> _WHAT YOU SHOULD DO_
Omit all pictures. Copy exactly the lines from the line containing "Patanjali Nutrela Orthocare" to the end of the listing, with both ends included.

--- MATERIAL SHOWN Enclosed Below ---

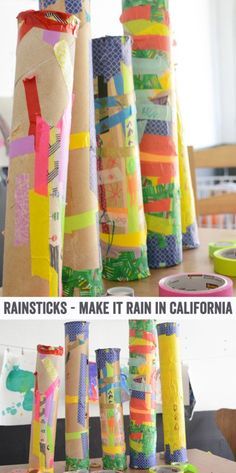 It’s no secret that California is suffering one of the worst droughts in it’s history.  We really need some rain yo!  In an effort to combine art, education and some good ol’ fashioned spiritual magic, we made rain sticks in art class last week.  We even did a rain dance at the end of class(...) Music Crafts For Kids, Meri Cherry, Rain Sticks, Music Crafts, Creative Curriculum, Kids Rain, Make It Rain, Dancing In The Rain, Art Activities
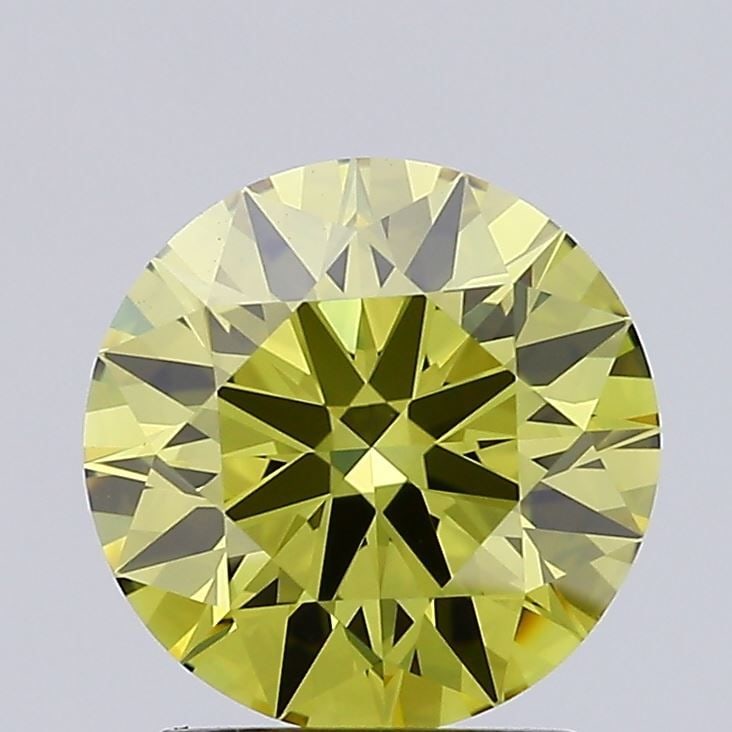 Ideal Loose Diamond - ROUND 2.02ct Fancy Intense Yellow VVS1: Ideal Loose Diamond - ROUND 2.02ct Fancy Intense Yellow VVS1 Source: This is a real non-mined Diamond that has been grown in a lab Shape: ROUND Carats: 2.02 Color: Fancy Intense Yellow Certification: 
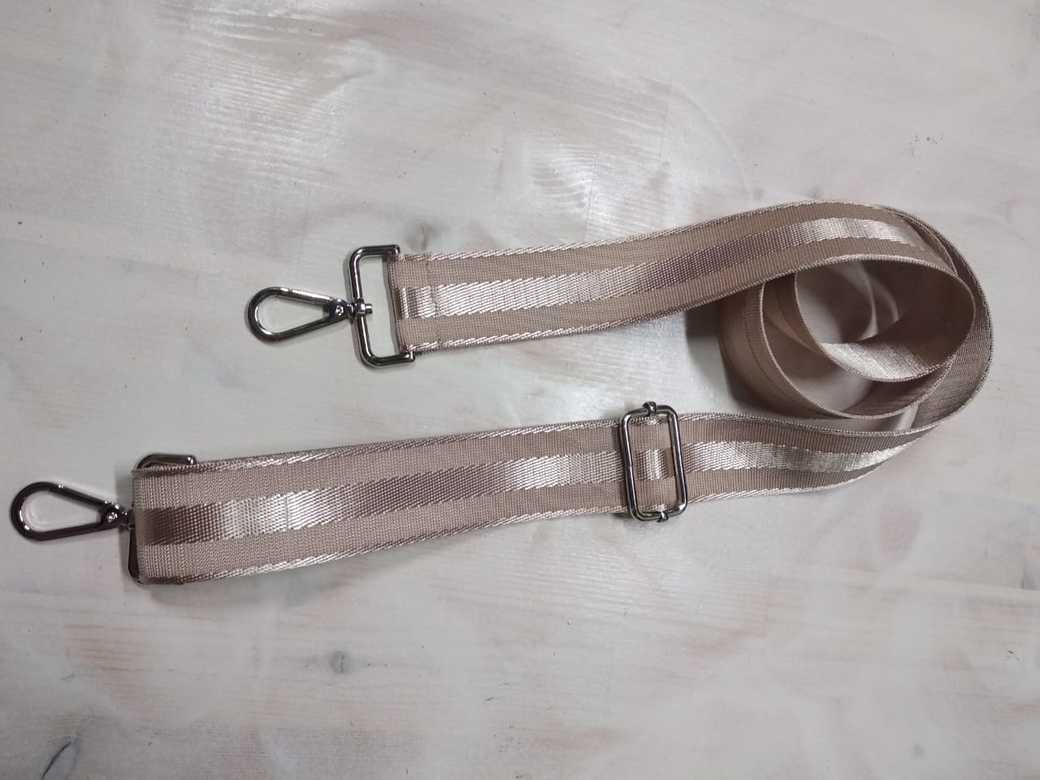 Ремень для сумки с регулировкой 135 см шириной 3,8 см. Бежевый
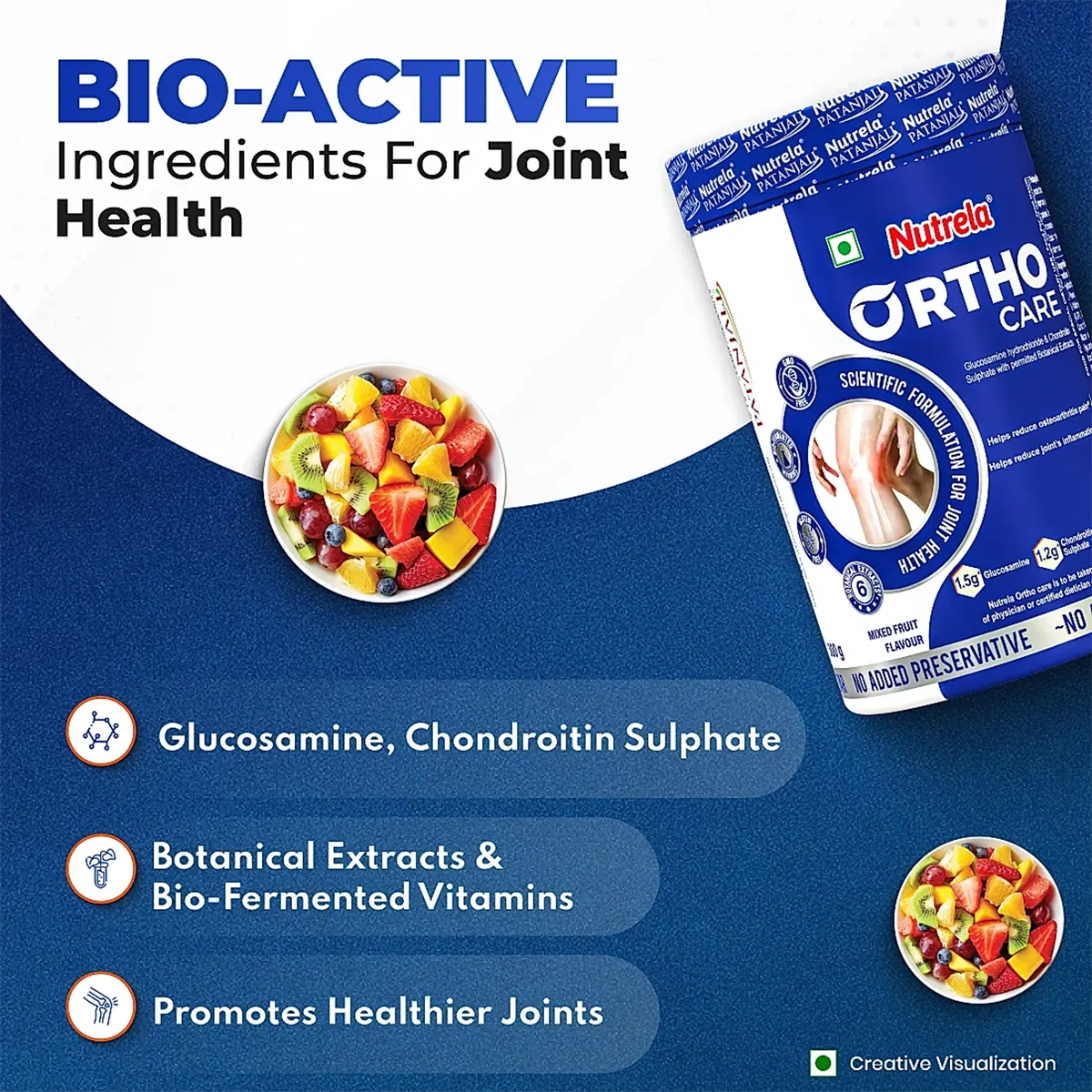 Patanjali Nutrela Orthocare Powder, With Ingredients Of Healthier Joints, 300gm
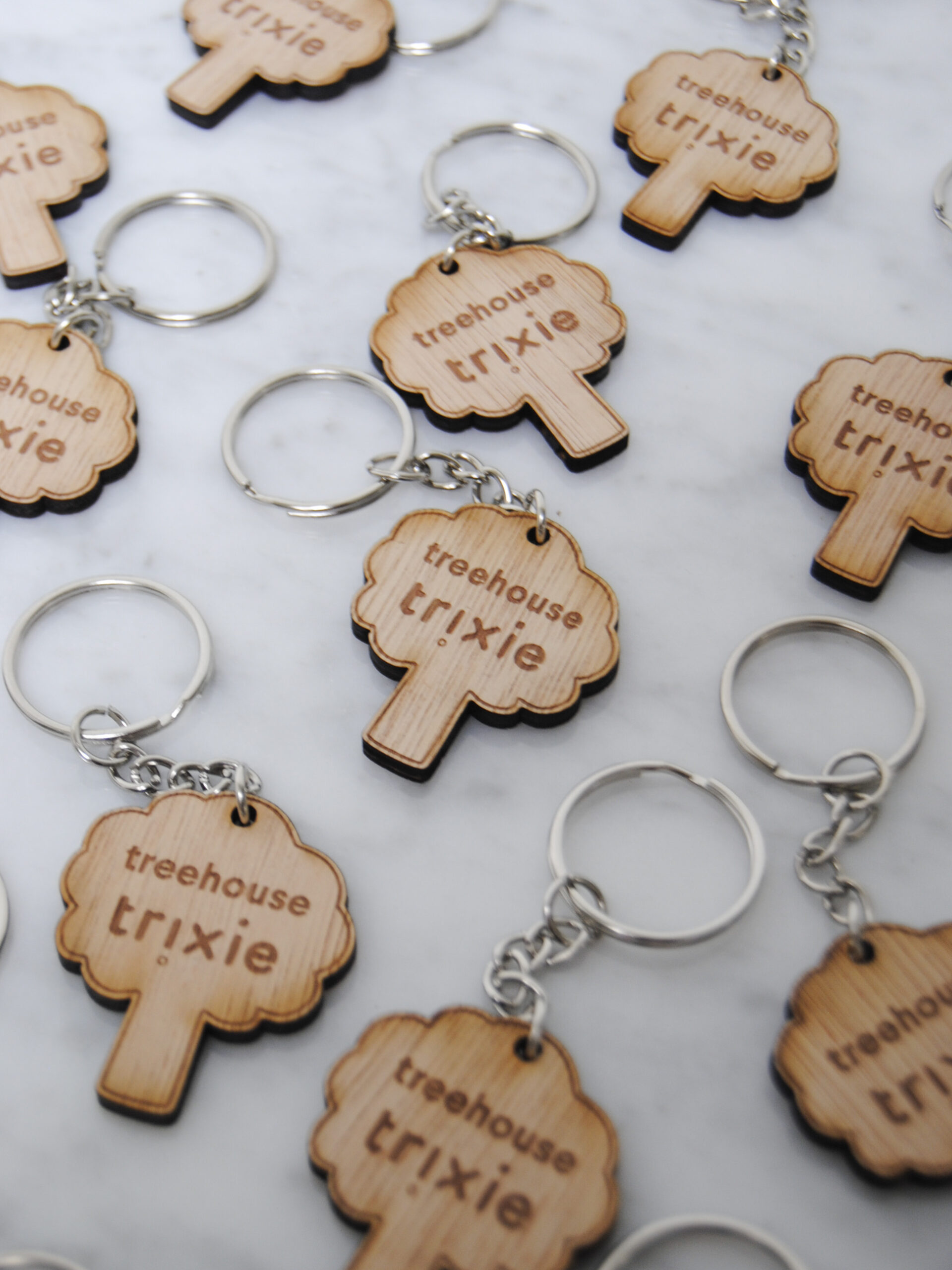 Sleutelhanger - hout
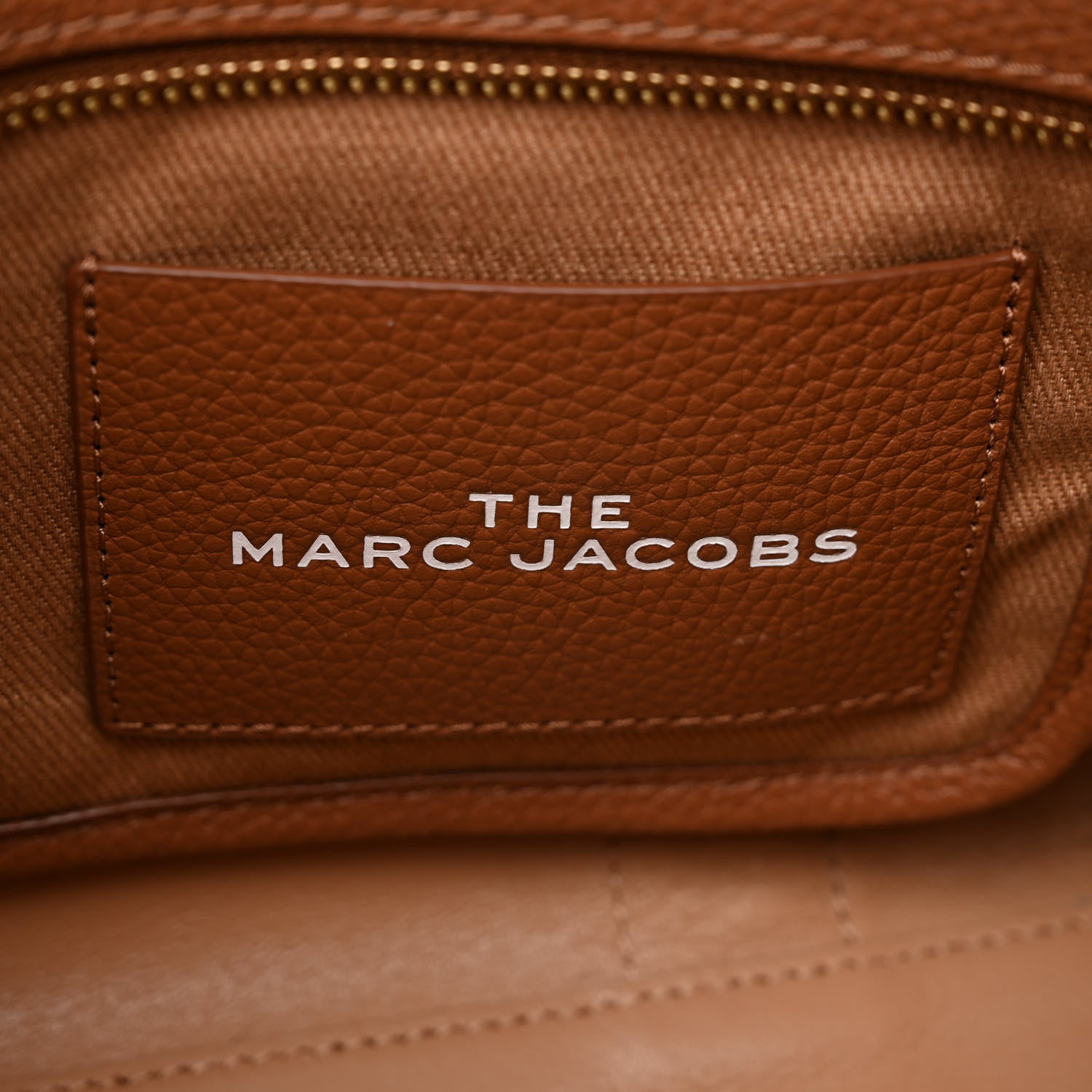 Marc Jacobs Grained Calfskin Small The Tote Bag Argan Oil 6 of 11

--- End of Enclosed MATERIAL SHOWN ---

> _ANSWER SPACE_
 Patanjali Nutrela Orthocare Powder, With Ingredients Of Healthier Joints, 300gm
 Sleutelhanger - hout
 Marc Jacobs Grained Calfskin Small The Tote Bag Argan Oil 6 of 11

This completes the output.